● **WORK ORDER**
Go through the records and restate them word for word, omitting images.

● **RECORDS FOR PROCESSING**
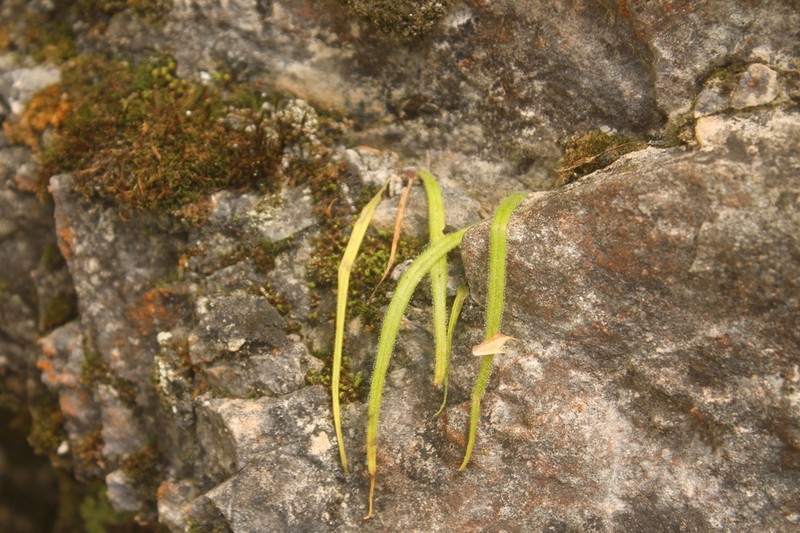 Pinguicula calderoniae photo 8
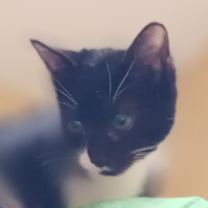 Thumbnail photo of Benita #4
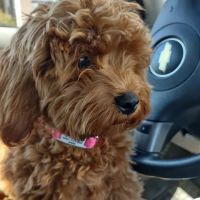 Ahwatukee Commons Veterinary Hospital ico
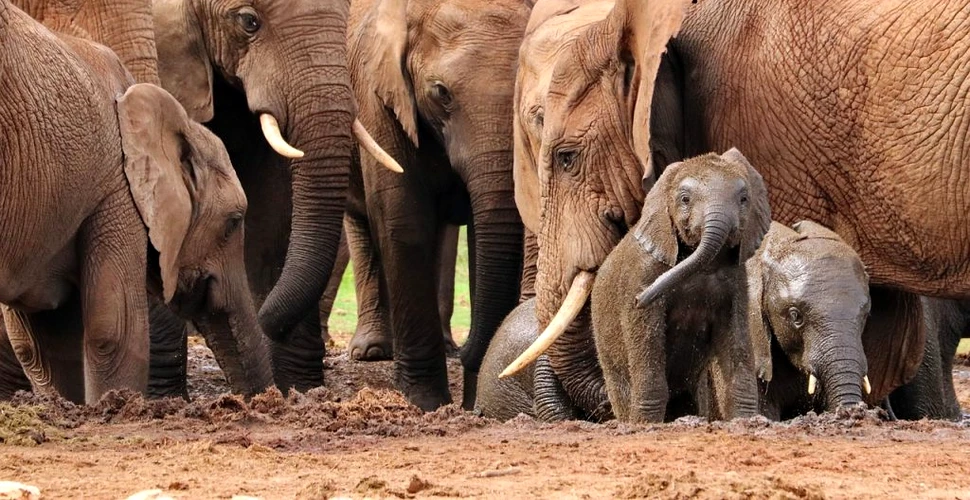 Sute de elefanți din Malawi, relocaţi într-o zonă în care specia a dispărut aproape complet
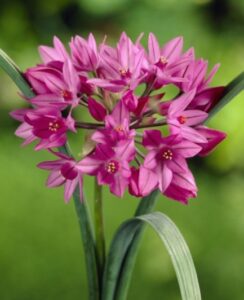 Allium Oreophilum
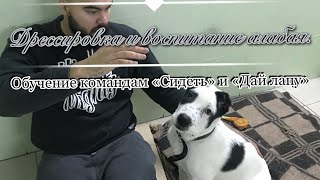 Дрессировка щенка алабая (САО) Учим щенка алабая ( 1 месяц 13 дней ) команде « дай лапу» . Урок 2
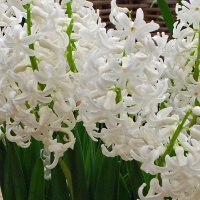 Hyacinthus romeinse white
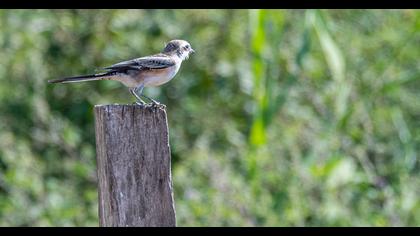 Maskeli örümcekkuşu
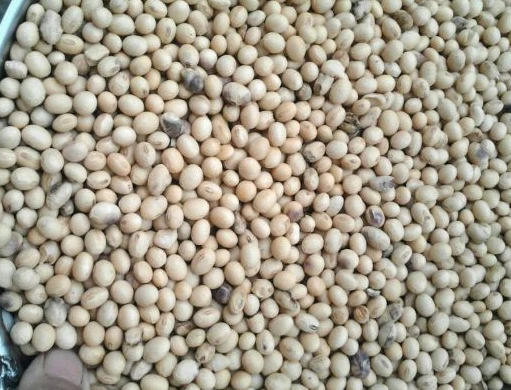 天天听健康 能解毒的“榜首”食物公布了，肝胆科主任：吃一口等于8斤萝卜，饭后敞开吃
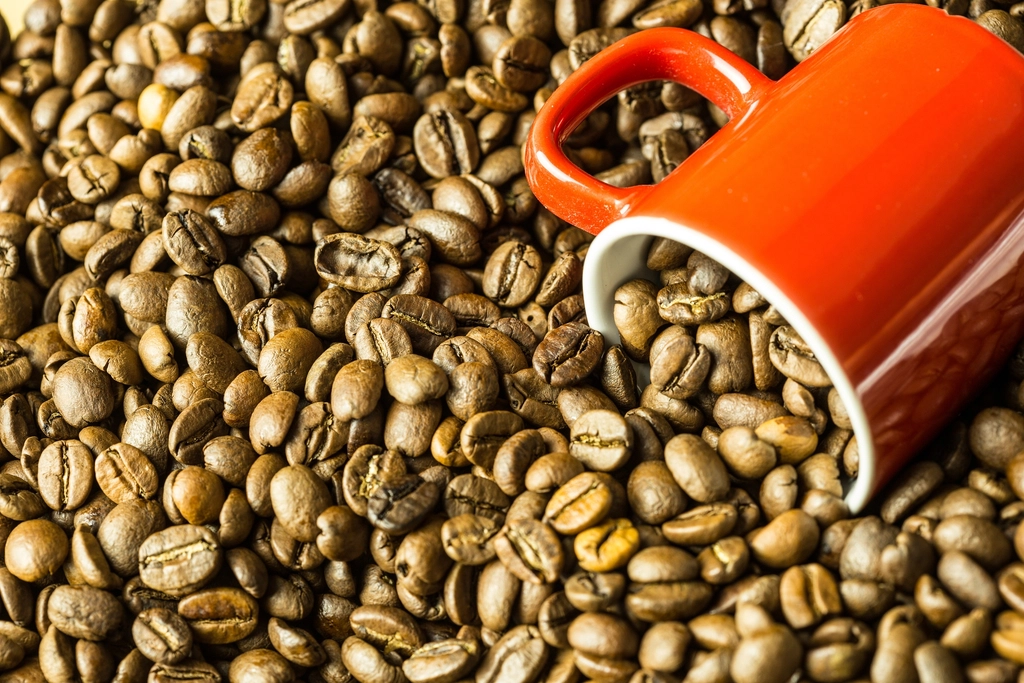 Is There Mold in Your Morning Coffee? What the Industry Doesn’t Want You to Know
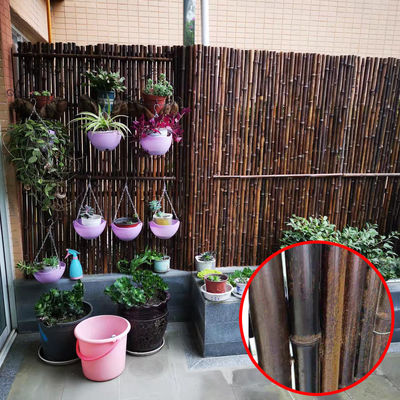 Natural Bamboo Raw Material Garden Fencing Panels With 180cm 240cm Length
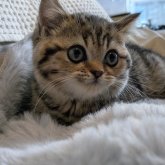 ブリティッシュショートヘア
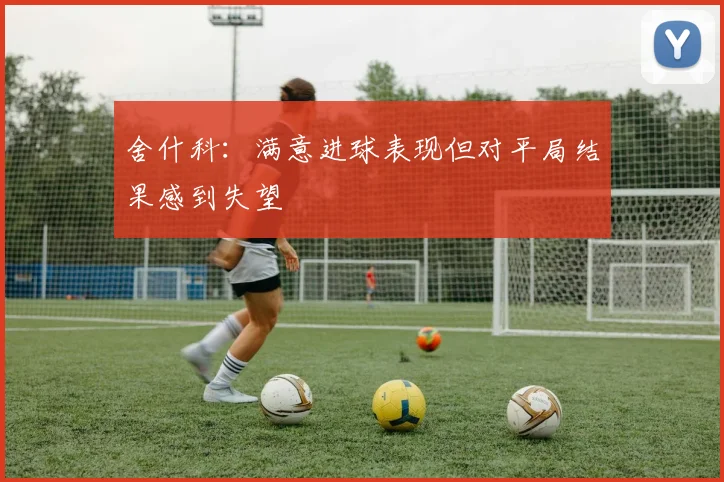 舍什科：满意进球表现但对平局结果感到失望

● **THE ANSWER**
 Pinguicula calderoniae photo 8
 Thumbnail photo of Benita #4
 Ahwatukee Commons Veterinary Hospital ico
 Sute de elefanți din Malawi, relocaţi într-o zonă în care specia a dispărut aproape complet
 Allium Oreophilum
 Дрессировка щенка алабая (САО) Учим щенка алабая ( 1 месяц 13 дней ) команде « дай лапу» . Урок 2
 Hyacinthus romeinse white
 Maskeli örümcekkuşu
 天天听健康 能解毒的“榜首”食物公布了，肝胆科主任：吃一口等于8斤萝卜，饭后敞开吃
 Is There Mold in Your Morning Coffee? What the Industry Doesn’t Want You to Know
 Natural Bamboo Raw Material Garden Fencing Panels With 180cm 240cm Length
 ブリティッシュショートヘア
 舍什科：满意进球表现但对平局结果感到失望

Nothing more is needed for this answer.